* AIM OF THE TASK: Please set down, word for word, the line that contains "Star Remedies Houttuynia" and every line after it to the end of the entries below, omitting the pictures.

Short text fragments from websites
- - - - -

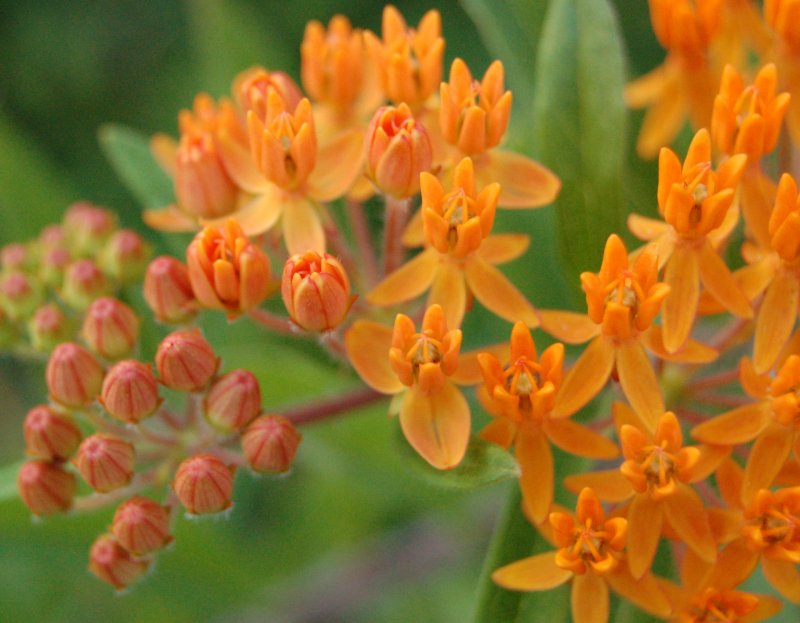 Асклепия, ваточник (Asclepias)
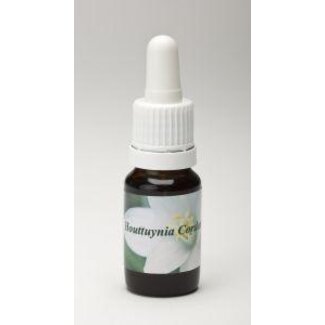 Star Remedies Houttuynia cordata 10 Milliliter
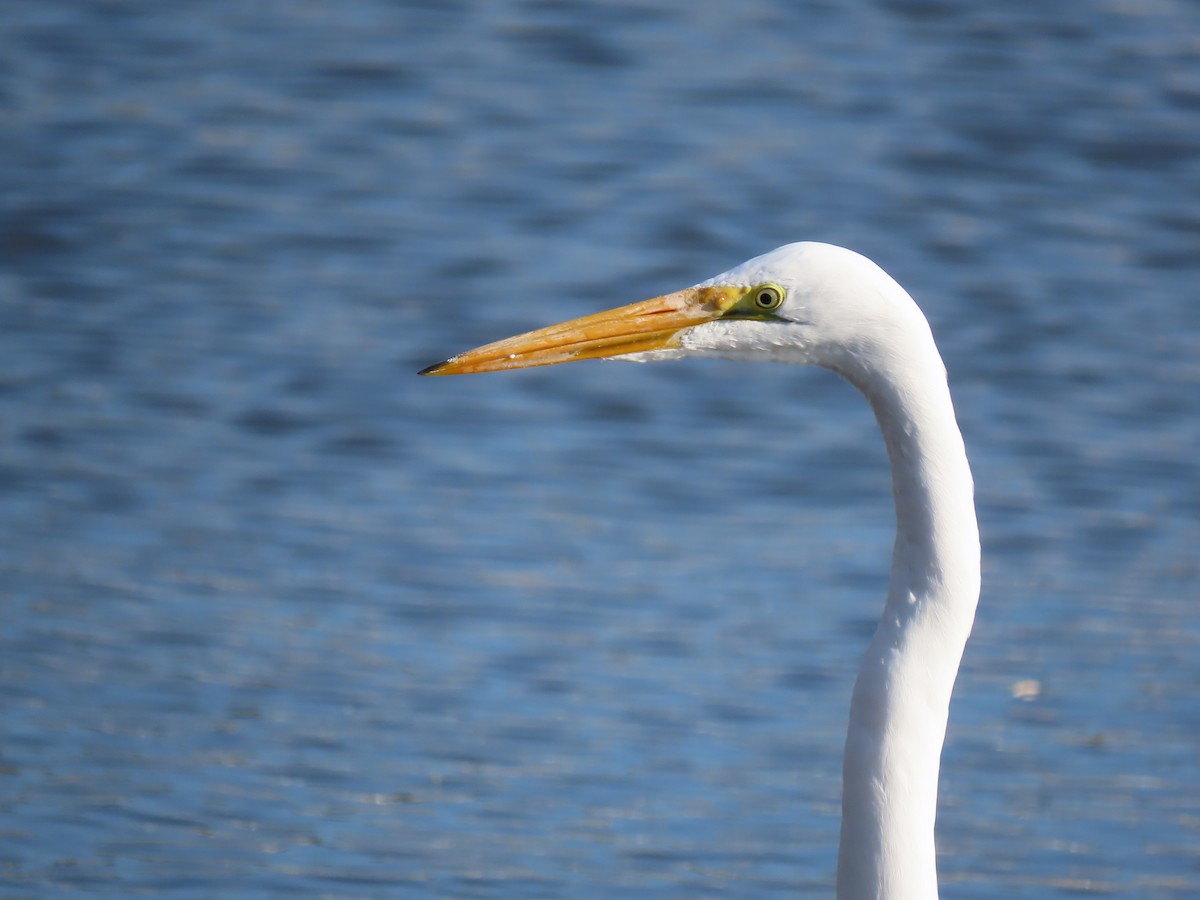 Great Egret - ML646458042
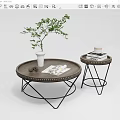 Modern Round Coffee Table Set with Geometric Metal Frame Green Plant and Books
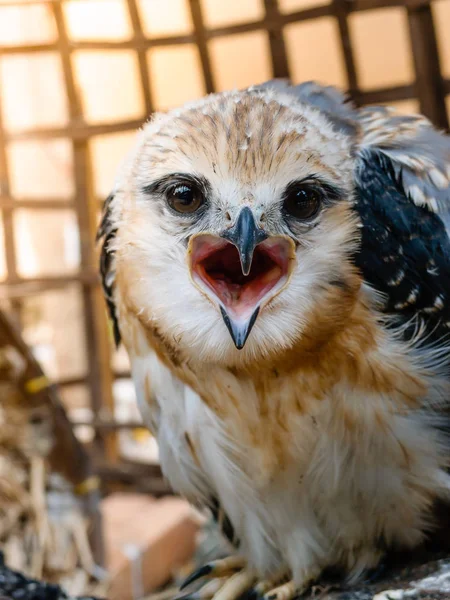 Porträtt av falcon fågel — Stockfoto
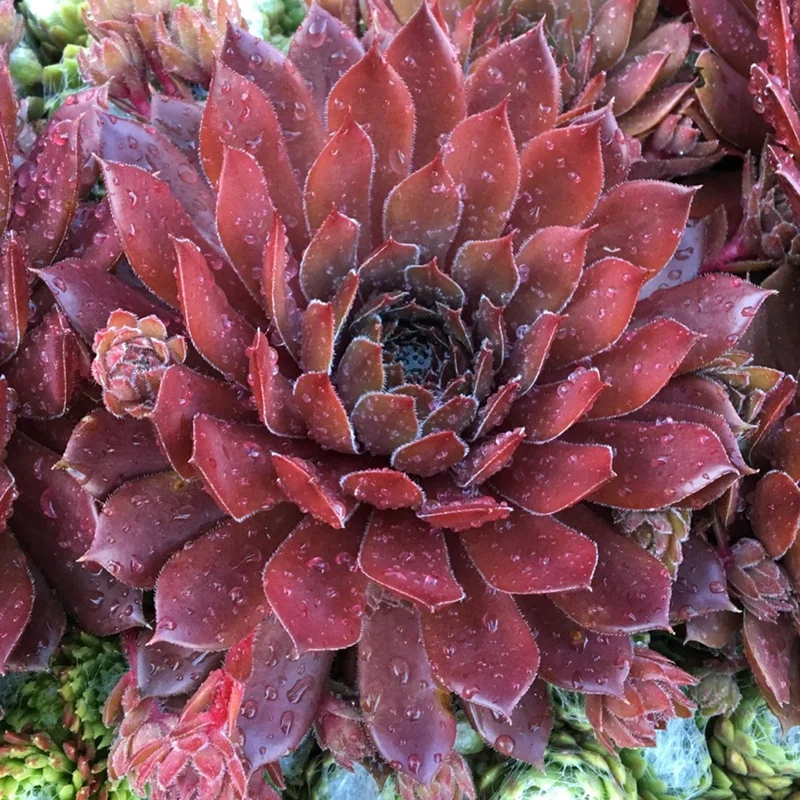 247plants3888425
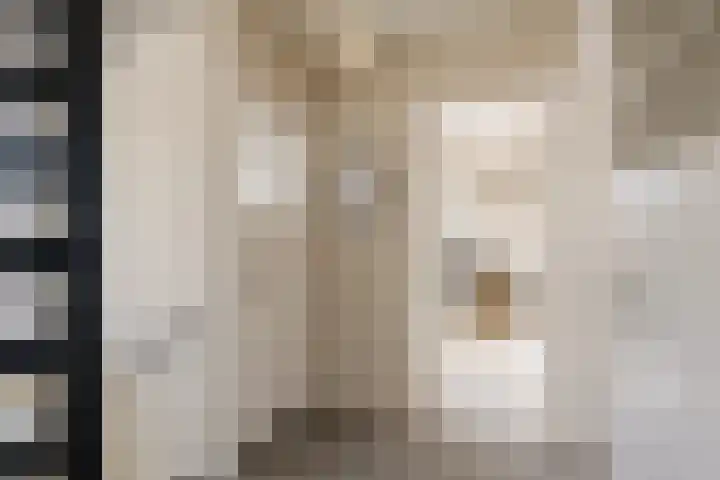 Johannes Vermeerstraat 37 Heemstede thumbnail 37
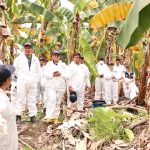Gobierno de Daniel Noboa intensifica acciones para proteger la producción bananera y platanera del país, mediante la capacitación de más de 4.295 productores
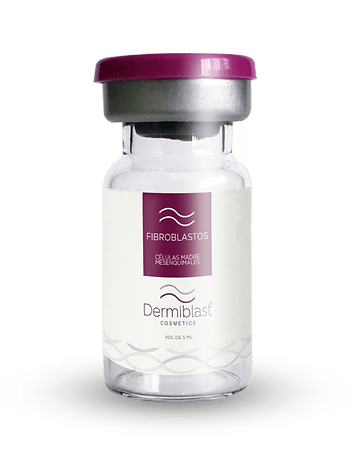 Imagen Producto de Fibroblastos de Células Madre Mesenquimales de Demiblast Cosmetics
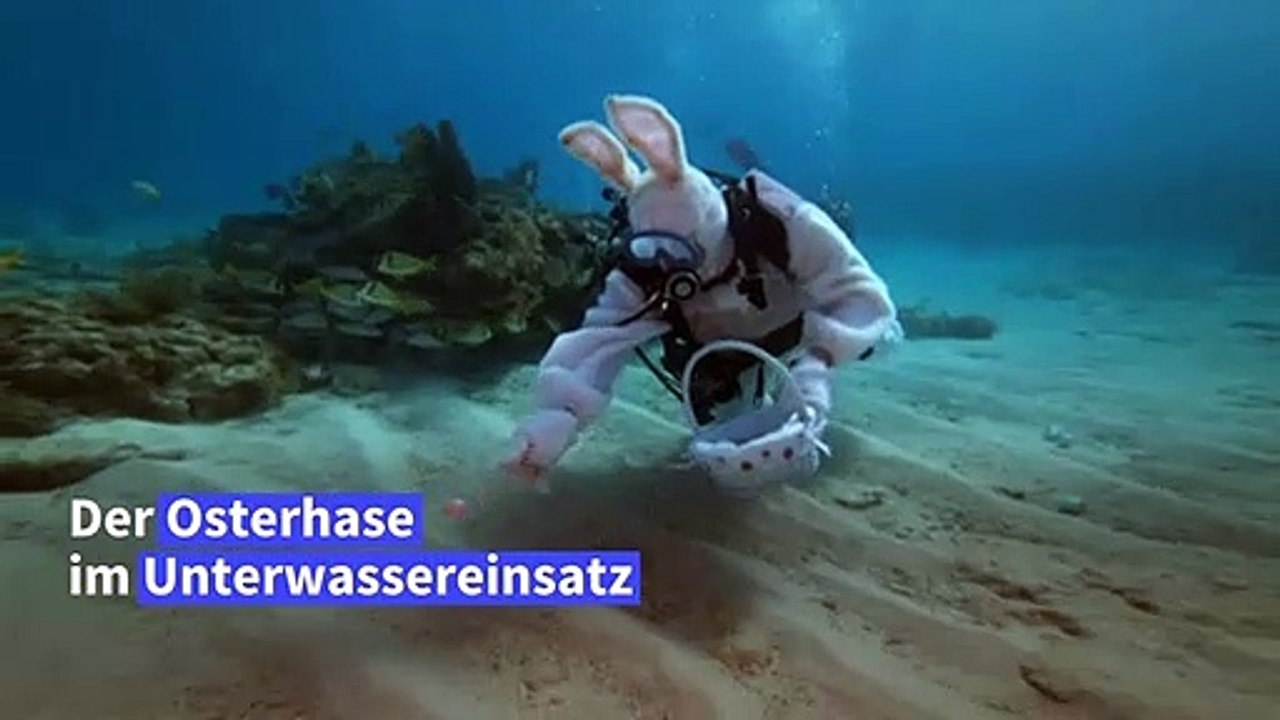 Ostereiersuche unter wasser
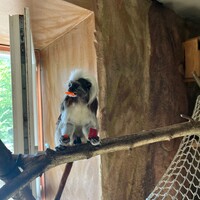 IMG_7603(1).jpeg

- - - - -

* SOLUTION FOR THIS EXERCISE:
 Star Remedies Houttuynia cordata 10 Milliliter
 Great Egret - ML646458042
 Modern Round Coffee Table Set with Geometric Metal Frame Green Plant and Books
 Porträtt av falcon fågel — Stockfoto
 247plants3888425
 Johannes Vermeerstraat 37 Heemstede thumbnail 37
Gobierno de Daniel Noboa intensifica acciones para proteger la producción bananera y platanera del país, mediante la capacitación de más de 4.295 productores
 Imagen Producto de Fibroblastos de Células Madre Mesenquimales de Demiblast Cosmetics
 Ostereiersuche unter wasser
 IMG_7603(1).jpeg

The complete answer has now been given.